*RECORDS FOR THIS TASK:*
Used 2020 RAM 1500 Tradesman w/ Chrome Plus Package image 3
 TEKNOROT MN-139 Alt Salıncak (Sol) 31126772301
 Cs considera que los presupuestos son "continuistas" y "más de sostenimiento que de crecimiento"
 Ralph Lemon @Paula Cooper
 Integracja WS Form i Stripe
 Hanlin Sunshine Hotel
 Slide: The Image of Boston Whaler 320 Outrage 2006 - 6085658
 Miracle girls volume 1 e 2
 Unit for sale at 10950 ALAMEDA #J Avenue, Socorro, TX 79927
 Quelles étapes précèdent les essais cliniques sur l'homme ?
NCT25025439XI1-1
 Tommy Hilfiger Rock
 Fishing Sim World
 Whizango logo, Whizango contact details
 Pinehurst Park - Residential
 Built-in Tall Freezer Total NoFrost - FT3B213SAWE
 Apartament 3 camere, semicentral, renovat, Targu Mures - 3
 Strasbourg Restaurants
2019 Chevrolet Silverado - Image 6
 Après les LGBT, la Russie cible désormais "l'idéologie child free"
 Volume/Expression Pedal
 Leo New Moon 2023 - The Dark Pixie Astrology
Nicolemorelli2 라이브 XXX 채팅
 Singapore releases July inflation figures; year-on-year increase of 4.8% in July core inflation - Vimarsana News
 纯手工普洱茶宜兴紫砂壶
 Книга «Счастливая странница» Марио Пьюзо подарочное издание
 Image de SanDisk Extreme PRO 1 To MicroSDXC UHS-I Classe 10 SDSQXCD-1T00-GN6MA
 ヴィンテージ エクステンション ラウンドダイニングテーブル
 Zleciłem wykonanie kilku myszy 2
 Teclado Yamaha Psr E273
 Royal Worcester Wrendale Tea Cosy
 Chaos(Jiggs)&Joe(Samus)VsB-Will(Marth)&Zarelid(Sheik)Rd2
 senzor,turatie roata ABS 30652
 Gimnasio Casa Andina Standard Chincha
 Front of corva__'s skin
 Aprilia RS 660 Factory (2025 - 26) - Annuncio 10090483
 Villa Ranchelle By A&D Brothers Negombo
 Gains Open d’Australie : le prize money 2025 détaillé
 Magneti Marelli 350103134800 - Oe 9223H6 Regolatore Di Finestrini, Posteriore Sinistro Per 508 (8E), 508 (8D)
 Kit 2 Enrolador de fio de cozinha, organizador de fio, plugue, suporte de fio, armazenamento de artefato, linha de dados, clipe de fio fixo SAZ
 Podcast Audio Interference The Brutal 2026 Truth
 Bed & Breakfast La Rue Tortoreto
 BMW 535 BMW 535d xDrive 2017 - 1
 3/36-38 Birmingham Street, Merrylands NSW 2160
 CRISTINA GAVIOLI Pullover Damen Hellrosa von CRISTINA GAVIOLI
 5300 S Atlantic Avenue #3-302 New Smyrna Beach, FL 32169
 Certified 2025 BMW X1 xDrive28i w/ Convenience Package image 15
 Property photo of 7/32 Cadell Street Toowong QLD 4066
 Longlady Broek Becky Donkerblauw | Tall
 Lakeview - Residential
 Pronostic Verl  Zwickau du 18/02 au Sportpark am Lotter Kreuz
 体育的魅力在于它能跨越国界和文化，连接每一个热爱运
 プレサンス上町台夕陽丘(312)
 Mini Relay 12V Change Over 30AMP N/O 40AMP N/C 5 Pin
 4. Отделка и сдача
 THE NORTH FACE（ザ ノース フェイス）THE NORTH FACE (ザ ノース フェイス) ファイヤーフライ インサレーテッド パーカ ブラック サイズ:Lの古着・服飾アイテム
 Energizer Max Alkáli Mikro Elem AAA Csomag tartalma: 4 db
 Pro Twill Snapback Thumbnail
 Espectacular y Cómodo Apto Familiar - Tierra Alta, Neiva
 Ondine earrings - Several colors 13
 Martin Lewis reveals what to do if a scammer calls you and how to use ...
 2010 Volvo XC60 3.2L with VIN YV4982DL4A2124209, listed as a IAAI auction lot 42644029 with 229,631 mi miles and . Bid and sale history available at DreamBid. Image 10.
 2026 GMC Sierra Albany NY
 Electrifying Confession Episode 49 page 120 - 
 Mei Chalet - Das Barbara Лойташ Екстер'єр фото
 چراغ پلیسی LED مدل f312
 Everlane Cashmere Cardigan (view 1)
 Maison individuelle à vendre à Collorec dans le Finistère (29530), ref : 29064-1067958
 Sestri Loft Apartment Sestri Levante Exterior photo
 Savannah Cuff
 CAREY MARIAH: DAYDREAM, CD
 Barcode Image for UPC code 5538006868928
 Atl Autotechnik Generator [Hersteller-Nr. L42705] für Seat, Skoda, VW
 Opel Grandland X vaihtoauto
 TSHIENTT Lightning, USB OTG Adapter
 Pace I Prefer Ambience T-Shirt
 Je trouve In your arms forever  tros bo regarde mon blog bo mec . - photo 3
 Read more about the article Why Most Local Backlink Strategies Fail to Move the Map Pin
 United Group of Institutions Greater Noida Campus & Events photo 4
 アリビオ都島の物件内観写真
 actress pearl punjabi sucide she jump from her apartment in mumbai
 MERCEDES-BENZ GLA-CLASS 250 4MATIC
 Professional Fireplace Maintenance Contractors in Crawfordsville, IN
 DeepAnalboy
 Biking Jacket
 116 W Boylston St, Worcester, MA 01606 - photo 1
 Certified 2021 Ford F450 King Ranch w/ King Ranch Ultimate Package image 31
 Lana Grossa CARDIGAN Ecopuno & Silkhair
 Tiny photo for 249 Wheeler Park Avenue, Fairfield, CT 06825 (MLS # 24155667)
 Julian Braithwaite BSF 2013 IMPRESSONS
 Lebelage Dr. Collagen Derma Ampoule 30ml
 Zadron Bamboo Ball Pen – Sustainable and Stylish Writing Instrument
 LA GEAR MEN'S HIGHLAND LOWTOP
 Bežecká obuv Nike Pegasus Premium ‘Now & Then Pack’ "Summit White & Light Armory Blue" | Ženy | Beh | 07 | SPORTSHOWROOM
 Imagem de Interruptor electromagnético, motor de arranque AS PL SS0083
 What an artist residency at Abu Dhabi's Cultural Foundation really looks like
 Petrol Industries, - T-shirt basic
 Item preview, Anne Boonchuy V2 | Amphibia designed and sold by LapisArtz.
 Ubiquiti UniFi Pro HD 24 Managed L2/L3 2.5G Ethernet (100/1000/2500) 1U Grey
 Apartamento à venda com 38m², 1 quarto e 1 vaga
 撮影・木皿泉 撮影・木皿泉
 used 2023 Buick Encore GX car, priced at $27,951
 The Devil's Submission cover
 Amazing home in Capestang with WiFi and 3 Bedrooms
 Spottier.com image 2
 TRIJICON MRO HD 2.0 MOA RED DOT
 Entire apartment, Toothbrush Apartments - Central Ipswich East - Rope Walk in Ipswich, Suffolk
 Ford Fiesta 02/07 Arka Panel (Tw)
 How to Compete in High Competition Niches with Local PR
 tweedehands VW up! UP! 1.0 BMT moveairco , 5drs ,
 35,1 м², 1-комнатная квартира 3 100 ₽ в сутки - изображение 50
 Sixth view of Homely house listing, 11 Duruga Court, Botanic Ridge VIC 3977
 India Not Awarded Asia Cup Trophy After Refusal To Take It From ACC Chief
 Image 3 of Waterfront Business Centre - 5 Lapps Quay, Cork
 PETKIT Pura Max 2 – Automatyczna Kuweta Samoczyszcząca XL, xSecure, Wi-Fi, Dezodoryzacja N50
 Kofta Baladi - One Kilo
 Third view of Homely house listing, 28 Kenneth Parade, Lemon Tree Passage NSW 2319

*TASK STATEMENT:*
Each line from the top of the entries above through the line containing "Hanlin Sunshine Hotel" must be transcribed exactly, and no other line may appear.

*OUTPUT OF THE TASK:*
Used 2020 RAM 1500 Tradesman w/ Chrome Plus Package image 3
 TEKNOROT MN-139 Alt Salıncak (Sol) 31126772301
 Cs considera que los presupuestos son "continuistas" y "más de sostenimiento que de crecimiento"
 Ralph Lemon @Paula Cooper
 Integracja WS Form i Stripe
 Hanlin Sunshine Hotel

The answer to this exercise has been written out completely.